> Exercise directions
Copy, word for word, the lines of the listing below from the line with "2017-2018 Honda Pilot" up to and including the line with "毕曼达在健康食物与城市发展研讨会上发言。联合国儿童基金会供图。". Drop the pictures.

> Data in this exercise
::::::::::
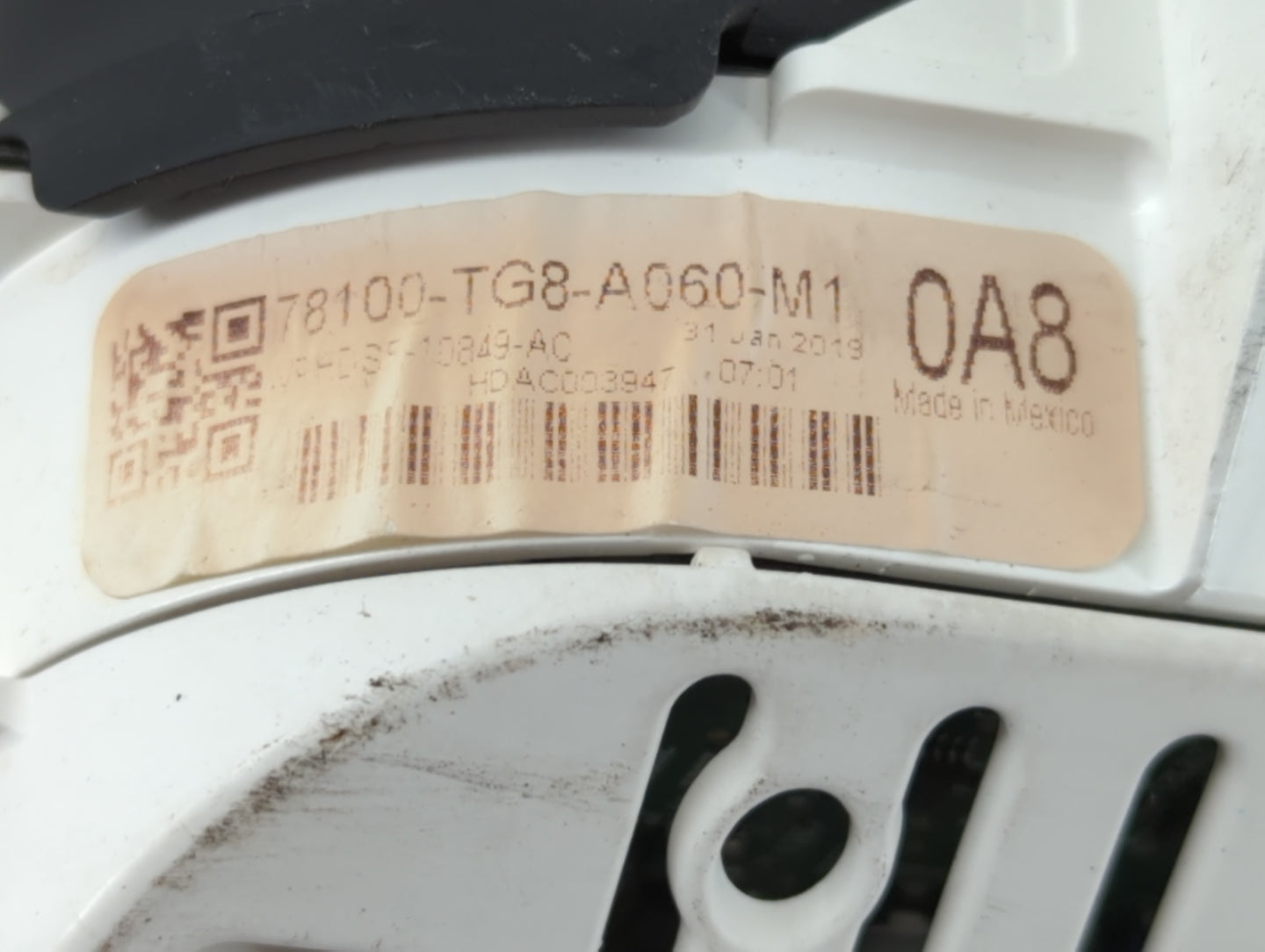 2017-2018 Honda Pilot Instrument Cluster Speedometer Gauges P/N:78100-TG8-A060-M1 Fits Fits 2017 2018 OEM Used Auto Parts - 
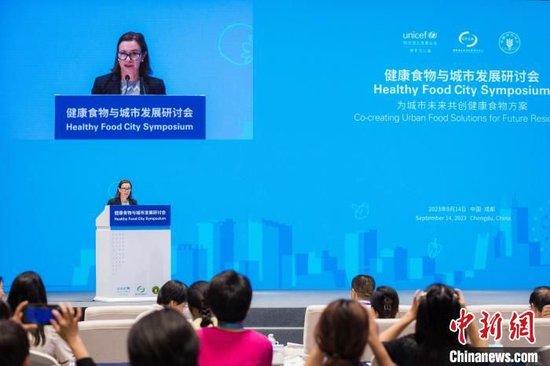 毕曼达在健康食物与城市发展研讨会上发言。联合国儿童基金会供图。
::::::::::
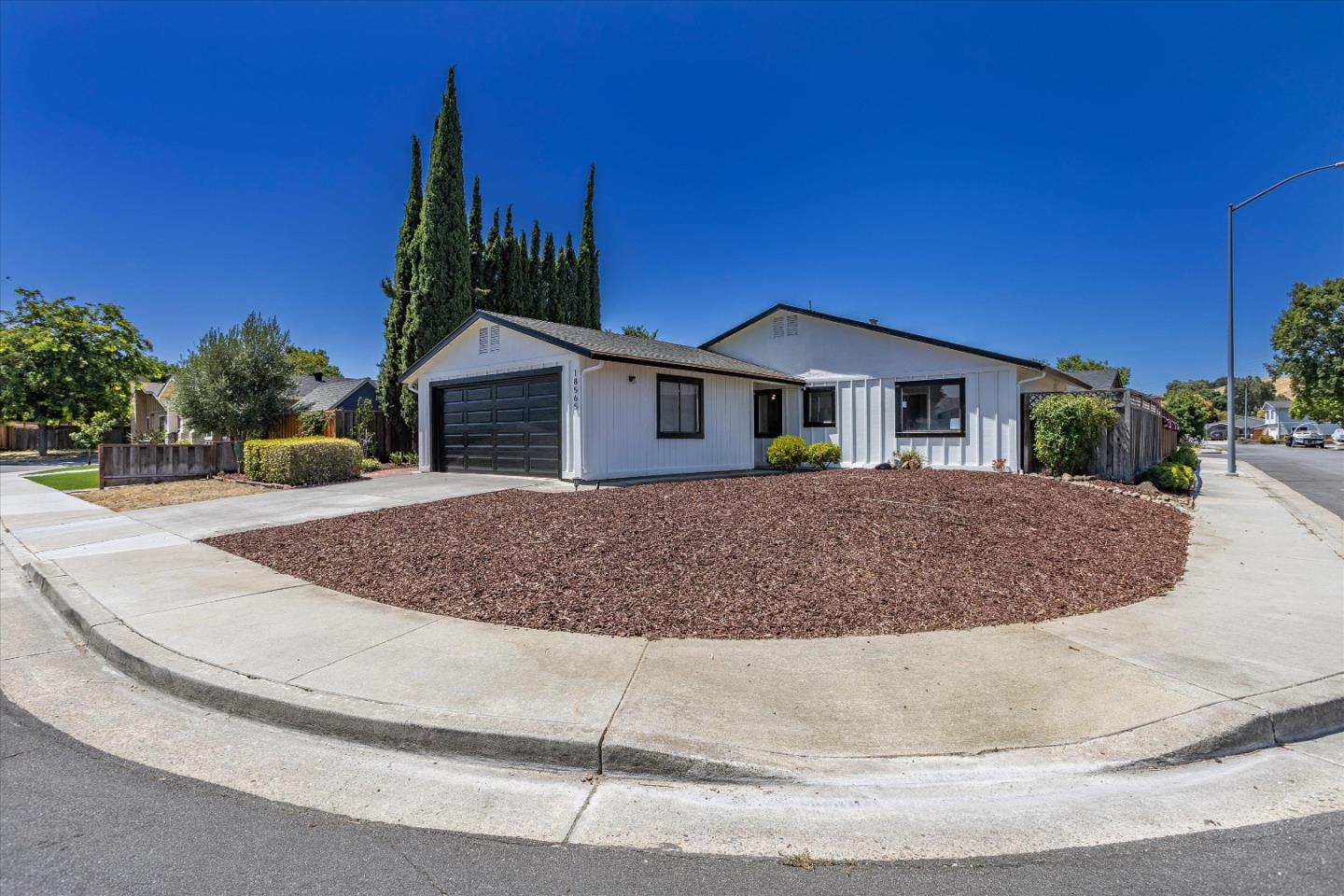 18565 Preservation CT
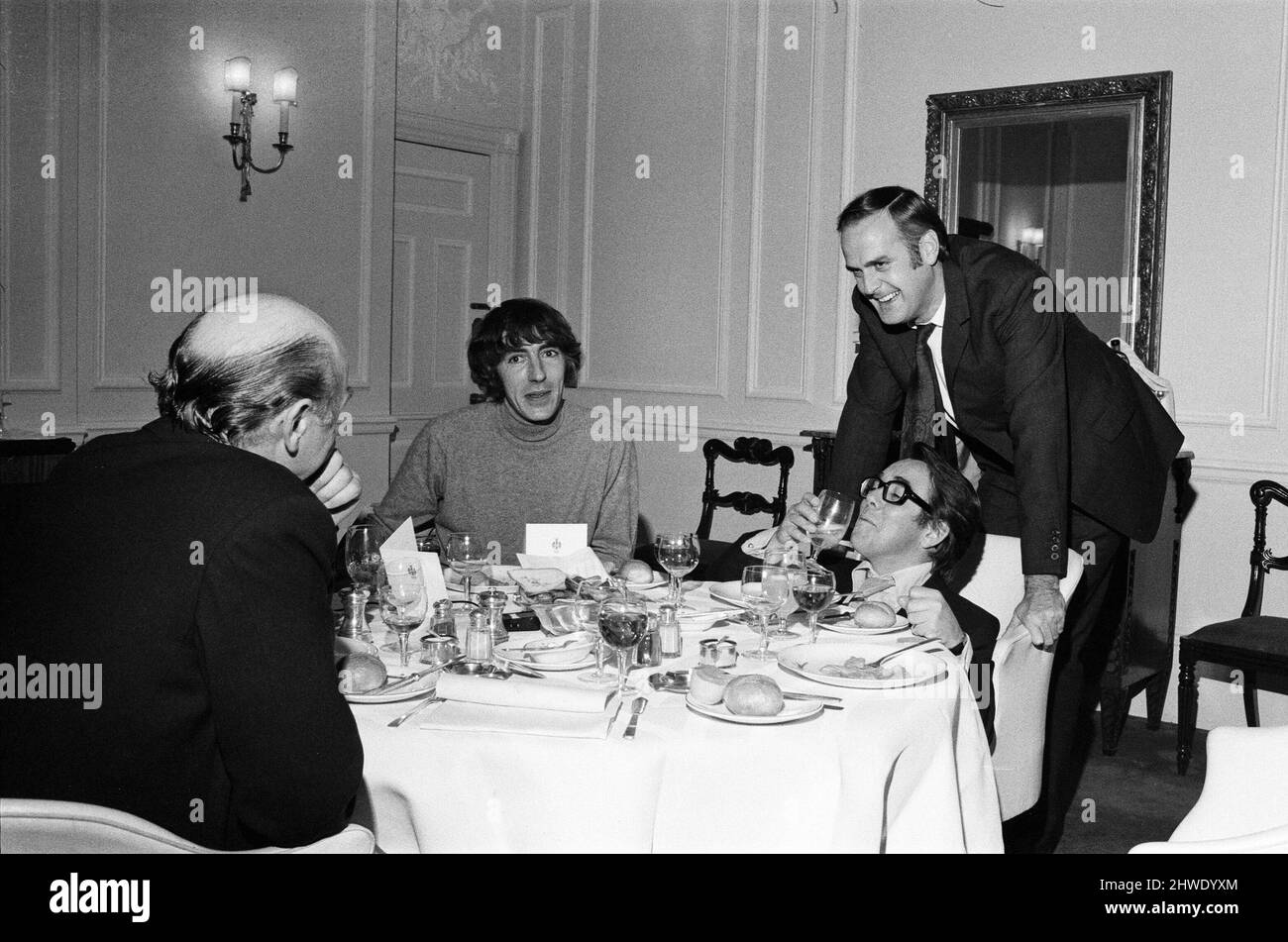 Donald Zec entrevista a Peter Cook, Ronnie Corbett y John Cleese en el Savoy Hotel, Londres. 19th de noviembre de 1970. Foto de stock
::::::::::
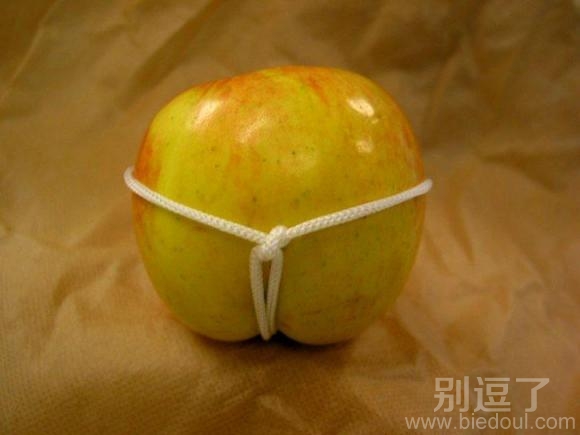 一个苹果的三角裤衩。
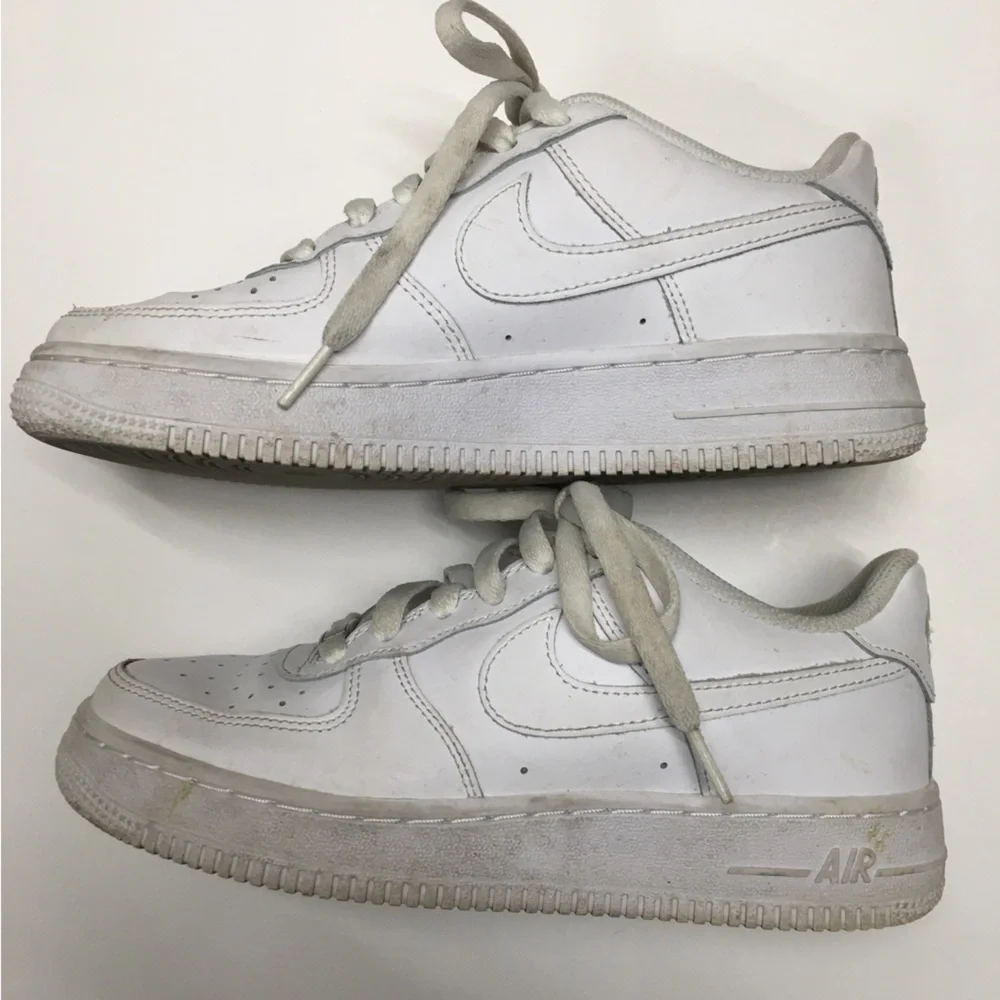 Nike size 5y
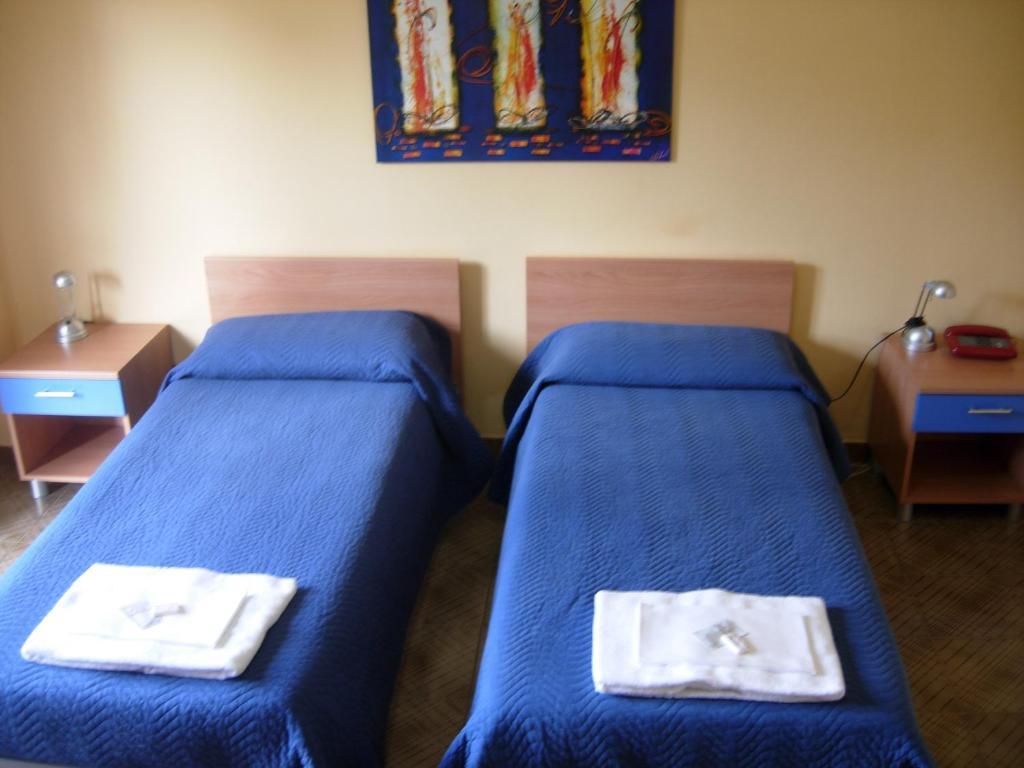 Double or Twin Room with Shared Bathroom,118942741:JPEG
::::::::::
> Task result
 2017-2018 Honda Pilot Instrument Cluster Speedometer Gauges P/N:78100-TG8-A060-M1 Fits Fits 2017 2018 OEM Used Auto Parts - 
 毕曼达在健康食物与城市发展研讨会上发言。联合国儿童基金会供图。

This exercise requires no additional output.